Psychology professor Carlo DiClemente tells the story of a heroin addict who, upon hearing about a rash of people dying from fentanyl-laced heroin in Baltimore, asks, “Where can I get that? It must be good sh*t.”

In his more than 25 years of studying substance abuse and the motivations behind addictive behaviors, DiClemente has found one thing to be consistently true: If you’re not ready to change – really, truly ready – it’s just not going to happen.

“Every entry into and exit out of addiction is a personal journey,” says DiClemente, co-founder of the “Transtheoretical Model” of behavior change, and author of several books on the subject, including Addiction and Change: How Addictions Develop and Addicted People Recover. Understanding and addressing the addict’s motivations can mean the difference between success and failure.

DiClemente has seen this first hand in the substance abuse treatment programs he has run. Without knowledge of the addict’s mindset and motivation – in DiClemente’s model, he breaks motivation into the stages into pre-contemplation, contemplation, preparation, action, maintenance – a treatment provider can’t know where to begin.

“The problem is, with tobacco, and with the opiate addiction, people find it almost impossible to quit.
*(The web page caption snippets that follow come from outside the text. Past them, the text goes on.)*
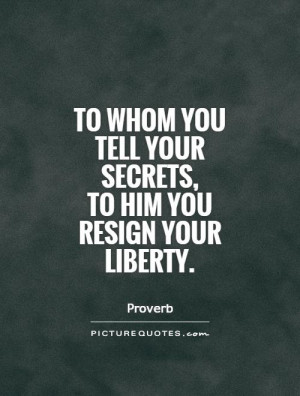 Freedom Quotes Secret Quotes Proverb Quotes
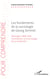 Les fondements de la sociologie de Georg Simmel - Allemagne 1858-1918 - Contribution à la sociologie de la modernité
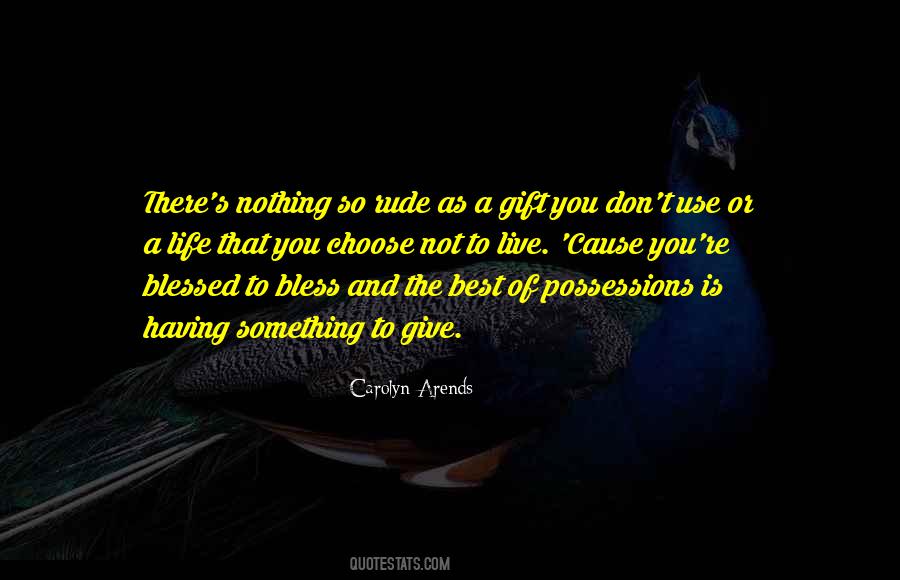 Life As A Gift Quotes #781377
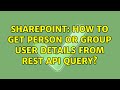 Sharepoint: How to get Person or Group user details from REST API query?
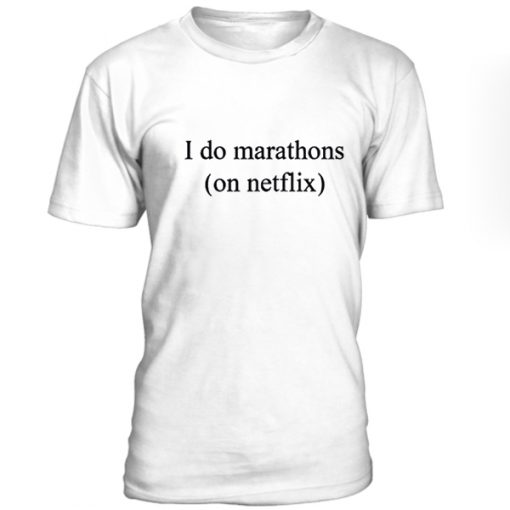 I do marathon on Netflix T-shirt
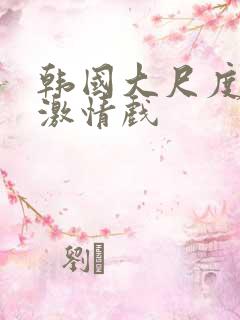 韩国大尺度床戏激情戏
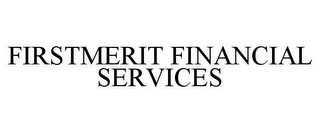 FIRSTMERIT FINANCIAL SERVICES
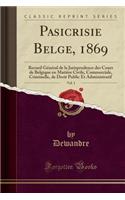 Pasicrisie Belge, 1869, Vol. 1: Recueil GÃ©nÃ©ral de la Jurisprudence Des Cours de Belgique En MatiÃ¨re Civile, Commerciale, Criminelle, de Droit Public Et Administratif (Classic Reprint)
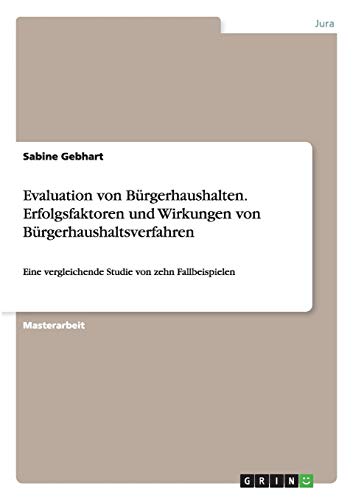 Evaluation von Bürgerhaushalten. Erfolgsfaktoren und Wirkungen von Bürgerhaushaltsverfahren: Eine vergleichende Studie von zehn Fallbeispielen Evaluation von Bürgerhaushalten. Erfolgsfaktoren und Wirkungen von Bürgerhaushaltsverfahren: Eine vergleichende Studie von zehn Fallbeispielen von Books on Demand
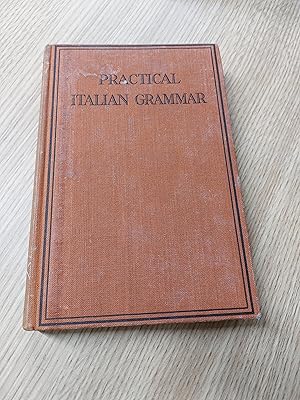 Bild des Verkufers fr Practical Italian Grammar zum Verkauf von Cambridge Rare Books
It changes the brain. It impairs individual self-regulation, and it takes over their life,” making it difficult to know all that is really going on, he says.

“Some of the research is looking at people who are in different stages, so we can look at personal and even epidemiological data and try to understand where people are, if we ask the right questions.”

With the recent increase in opioid use, and knowing how many potential ways an addict might enter into care (or evade it), DiClemente has been developing and offering training for people in various jobs – medical providers, front desk employees at agencies and hospitals, social workers who make home visits, etc. – who could spot signs of substance abuse, and offer information about treatment as they come across it.

“A big thing is to really empower a variety of providers who come across addiction but aren’t really addiction specialists, on how to recognize and how to refer, and how to help motivate people to take the next step,” says DiClemente.

“If we can prevent someone from getting into the last stages of addiction, that’s really what we should be doing,” he says. “Early intervention is the best intervention.”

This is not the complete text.